On the other hand, I'm not sure the utility of this is particularly
great. You wouldn't be able to avoid any more runtime checks beyond what
the JIT could most likely already optimize out.

The primary goal was of course compile-time checks. If any runtime-check
could be saved at all, that would be merely a nice side-effect.

This is some "solution in search of a *practical* problem to solve".
Maybe, requiring a minimum length for an array is already an anti-pattern.
Maybe someone else happens to know of a plausible usecase.
But I'd be mostly interested if anyone could find any plain
inconsistency in it.
 
J

Joshua Cranmer

Joshua Cranmer said:
I believe such a change would be source-compatible, but might require
some severe changes at the bytecode/class-file-format level, to allow
to specify such a lower bound in a type signature.
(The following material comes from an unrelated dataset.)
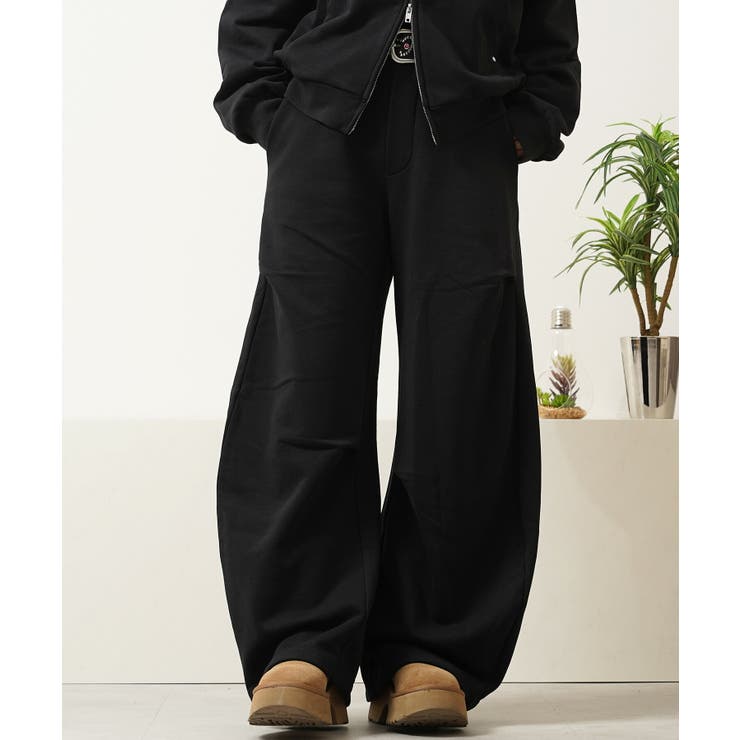 BLACK | スタッズ バレルスウェットパンツ メンズ | ONE 4 PREMIUM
Such a change should
be possible in a way, that old class-files can still be used. e.g.:
get9th:(]10I)I (currently without bounds: get9th:([I)I )
You could do it by adding a few new annotations,

I must admit, that I've so far mostly ignored Annotations for my
tasks. When you write "adding a few annotations", do you just mean
adding certain standard annotations to the respective places, or did
you mean defining a custom Annotation and write some code for a
compiler-plugin that would then deal with one's new Annotations?
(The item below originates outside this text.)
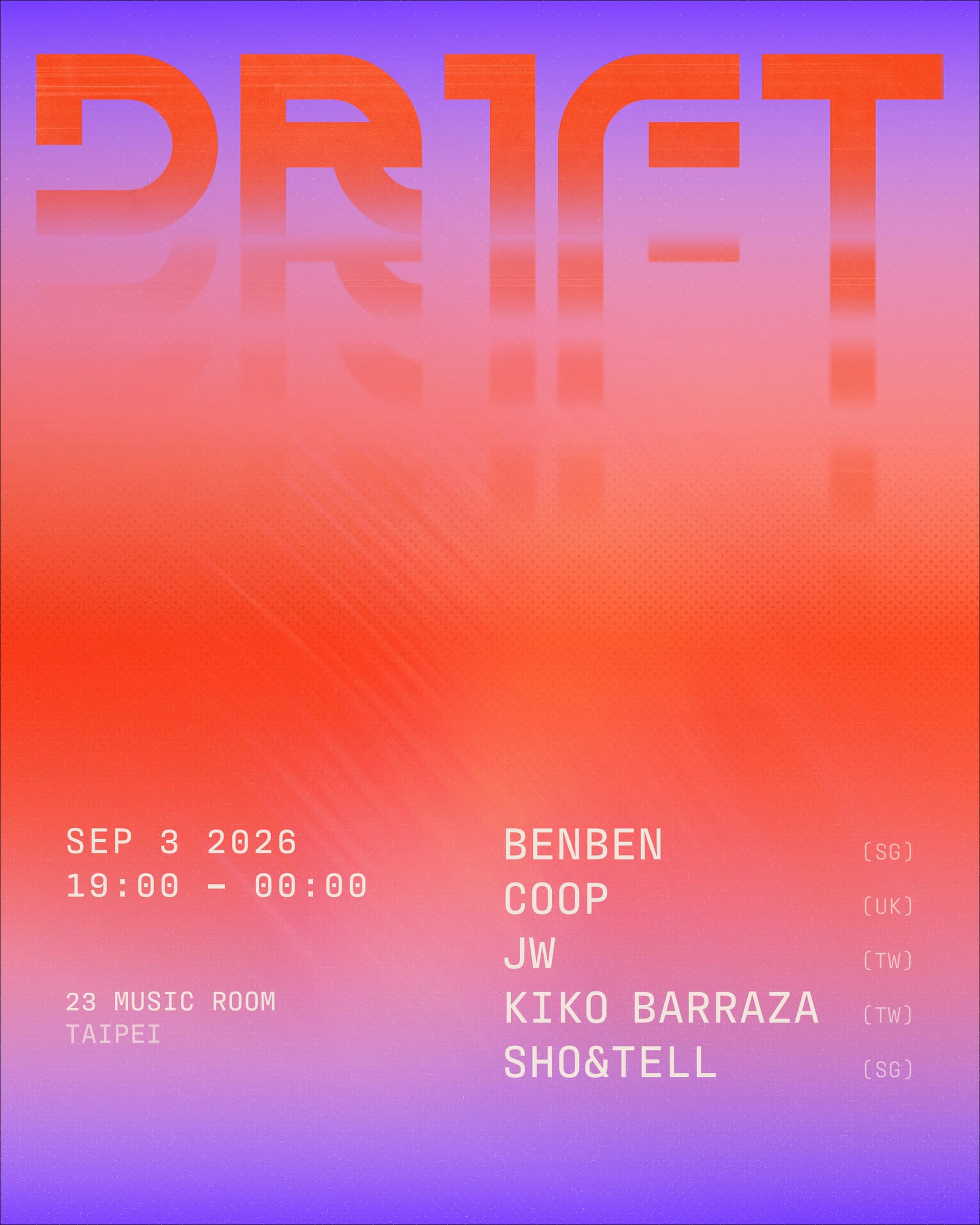 DRIFT flyer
I was actually referring to class file annotations, not Java annotations.
 
A

Andreas Leitgeb

Patricia Shanahan said:
I don't think I've ever seen a language with dynamic array creation that
has a lower bound on the length of an array a variable can reference.
I'm not sure how it would work, or how I would use it.

The particular approach may appear new, but it isn't much different
from the well-known object-hierarchy. Except: the "sub-tree" starting
from an unbounded array type[] is just the linear chain of all bounded
arrays type[#], sorted by their bound value.
Usually, if I have a non-zero lower length bound it is 1 or 2, but most
of my array handling code is designed and tested for zero length and up.

As we're all used (and even "bound") to the current state (while doing Java,
at least), it's no surprise at all, that you do such checks at runtime.

What do you do, if the array is smaller than required?
throw an exception? That should/could be compiler's job.
You perform some other sensible task? Then bounded arrays
won't help, nor affect you.
Even when there is a lower bound, I'm not sure knowing it would help
much with compile time error detection. For example, a method to
calculate the sample mean of some observations requires at least one
element, but is going to iterate over the whole array.

Maybe I forgot to explain, that this lower-bounding doesn't have an
impact on applicable indices:

int[10] ia = getArray(); // defined as: int[12] getArray() { ... }
ia[9]++; // is guaranteed *not* to throw an AIOOBE!
// If the array were too small, then getArray()
// couldn't have returned it.
ia[15]++; // still perfectly legal. But it *may or may not* throw
// an AIOOBE at runtime, depending on the actual array.

There is no general guarantee, that some ia will not throw an AIOOBE,
unless there's also a guarantee on i's range. JIT might make use of
such extra guarantees, that do not depend on the actual array.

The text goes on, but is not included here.